In that client I can write any algorithm/heuristics I want and have them control the robot that is competing in the virtual match a 5th Gear Server is managing. To make life sort-of simple (and cheat a little bit) the Java client knows everything about the states of the other robots. It doesn't have to use simulated sensors to try learn things like a bot's position, velocity, etc.
I wrote the original for the Overdrive season. Then we improved some important parts of how the simulated robots drive. The Java client didn't keep up, and it languished for awhile. Over the last year I was able to get the client working again and I was in the middle of creating an interface that would let you write your own control algorithms and integrate them with the infrastructure I had created. I have a modest ToDo list left.
But... We added some new messages to the Server-Client interface, and we are in the middle of writing the Logomtiion simulation, so...
When I get back to it and can release it, you should be able to create a Java class that will integrate with the compiled code I supply, and then use your code to control one or more of our simulated robots (using one or more client computers).
Part of that ToDo list involves creating features that will let you/me/us run a series of AI vs AI matches in virtual tournaments. If that, or using the framework to help with a deeper analysis of strategies (or as the foundation of class project?), sounds good to you, then stay in touch, and maybe offer to be a beta-tester.
A couple of FYIs:
- My Java does not create a fancy 3D rendering of the match; but you can see that on the server's GUI (or maybe write one for us???).

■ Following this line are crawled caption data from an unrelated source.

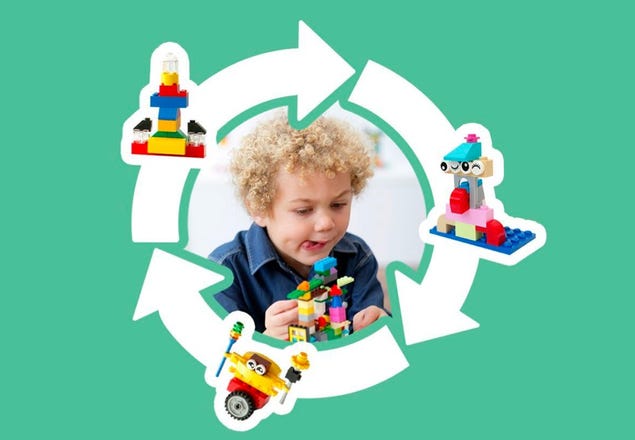 Child playing with LEGO classic with a ring full of arrows around the child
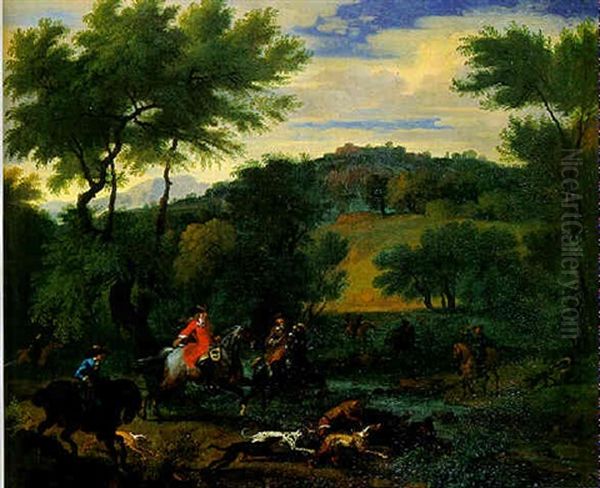 Sportsmen Hunting Boar In A Wooded River Landscape Oil Painting by Dirk Maes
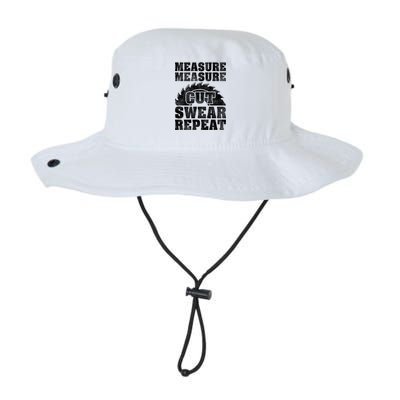 Funny Woodworking Measure Cut Swear Repeat Gift Legacy Cool Fit Booney Bucket Hat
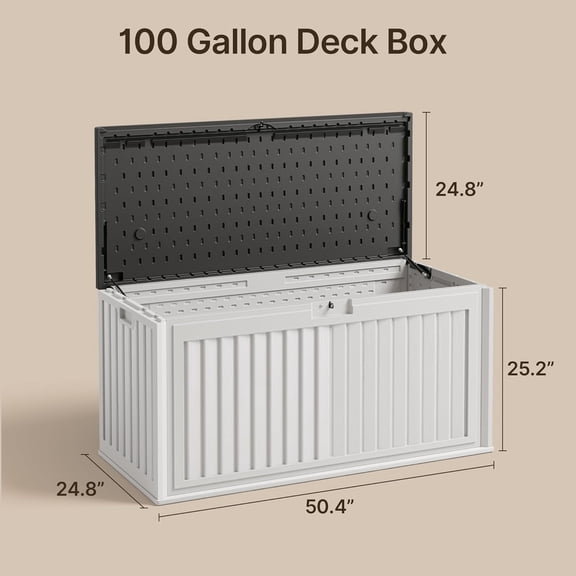 100 Gallon Deck Box Outdoor Storage Waterproof Resin Organizer with Lockable Lid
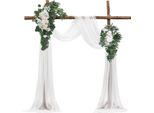 Set Di Fiori Per Arco Di Matrimonio Decorazione Per Arco Di Matrimonio Con 2X Fiori 2X Tende Bianche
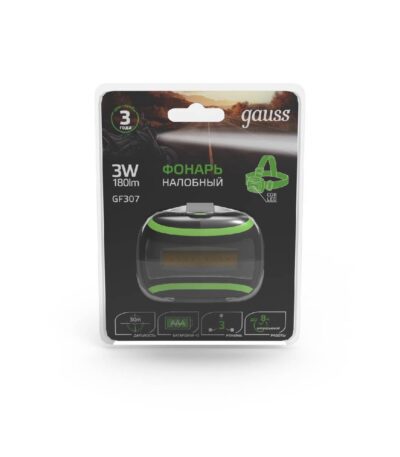 Налобный светодиодный фонарь Gauss от батареек 50х70 180 лм GF307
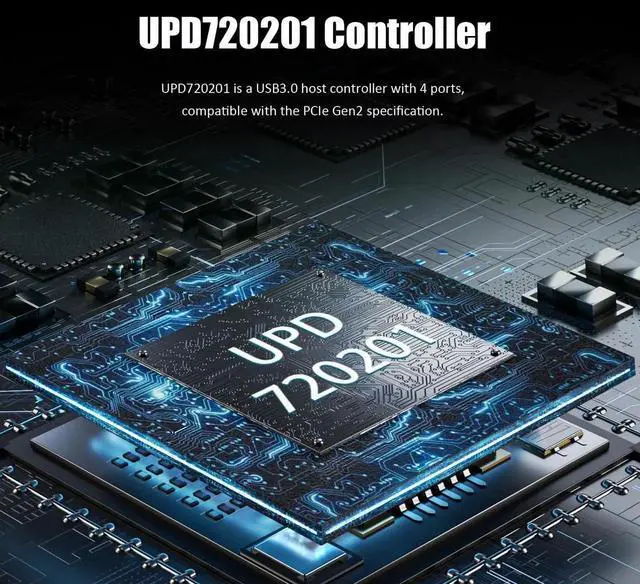 Alt view image 5 of 7 - U3044 4-Port USB 3.0 Type-A PCIe Expansion Card, 5Gbps PCIe x1 Adapter Compatible with Intel AMD ARM Platform, Support Windows Linux, Not for Mac OS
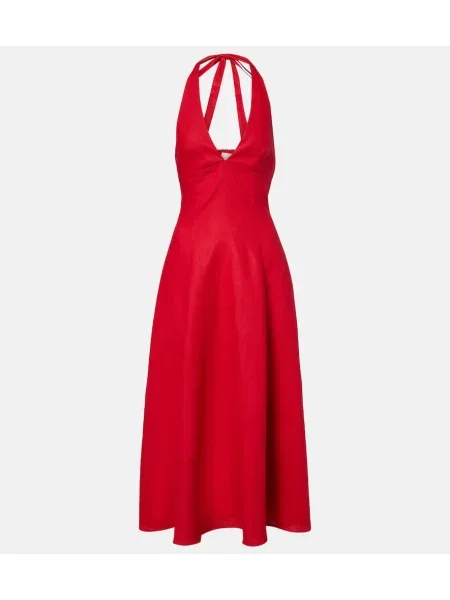 Ľanové oblekové midi šaty Faithfull po kolená červená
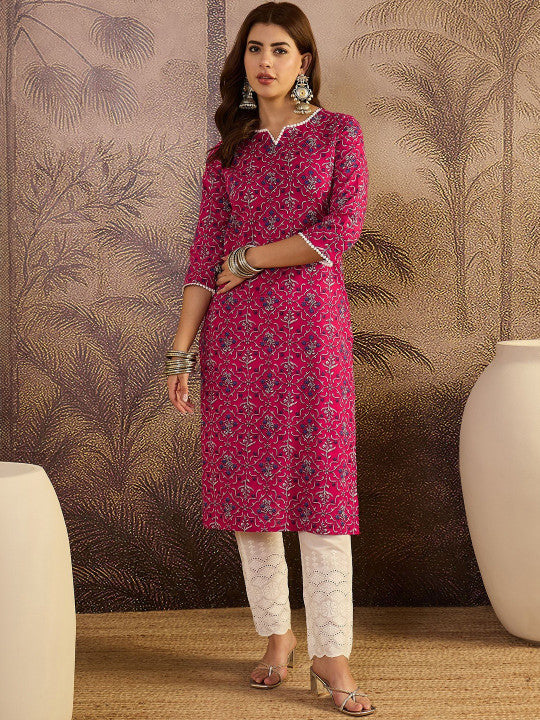 Sangria Floral Printed Pure Cotton Kurta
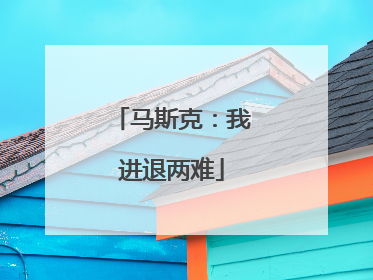 马斯克：我进退两难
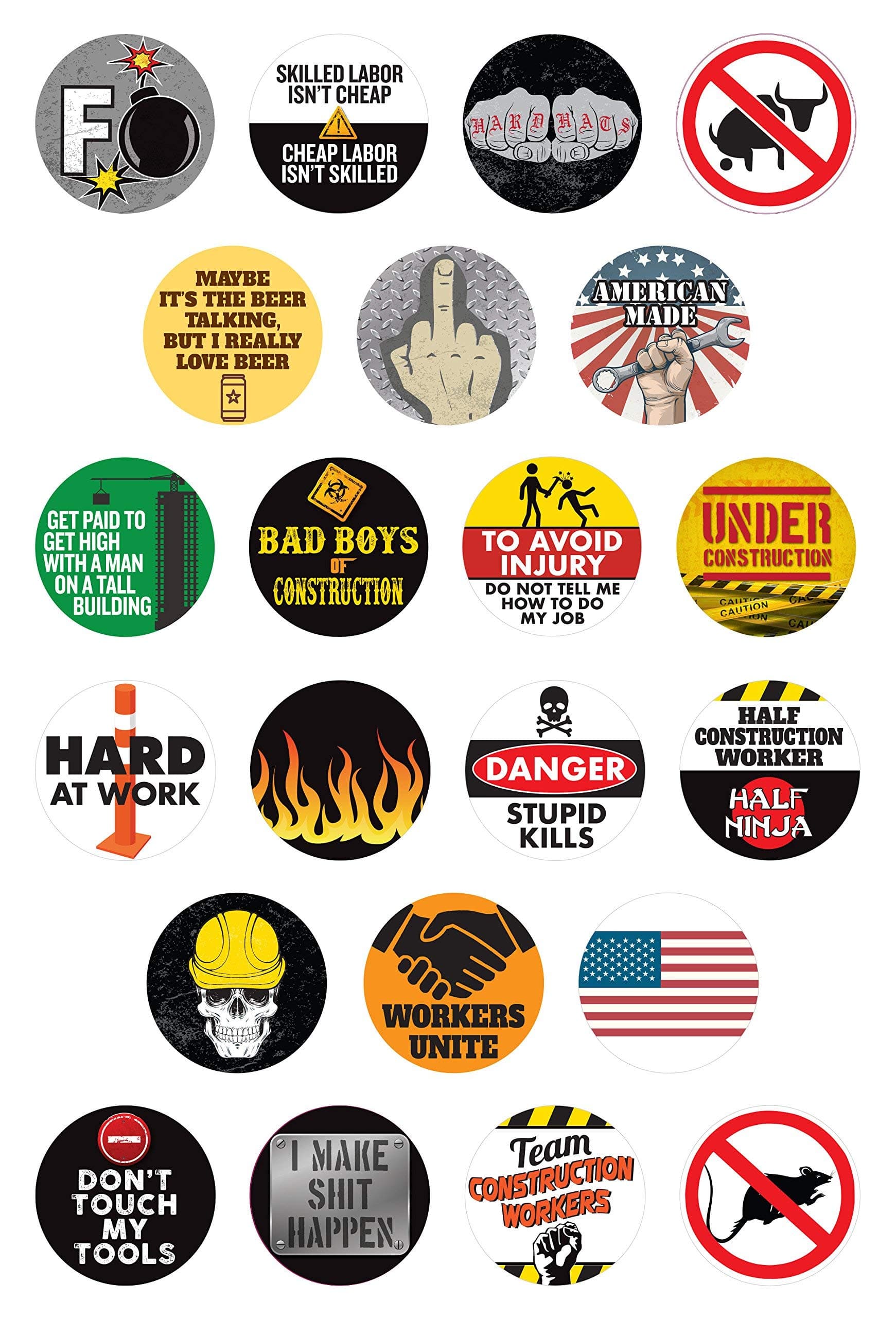 Hard Hat Stickers and Tool Box Stickers | Funny Decals for Construction Workers, Motorcycle Helmets, Mechanics, Electricians, Union Workers | Set of 22 | WATERPROOF!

- My "AI Client" isn't very useful for creating your real robot's autonomous-period software. The real sensor outputs and the real robot's driving characteristics are miles apart from what what software "sees" in the simulator.
- If you are interested in creating a robot that could play an entire match autonomously, then you can use the Java client to see how easy or hard that will be. Step one would be flitering out all the match info that a real robot would NOT have/know. Then you would come up with the instructions that would play the game using only the info a real robot would have at its disposal. Again - that sounds like a decent class project to me.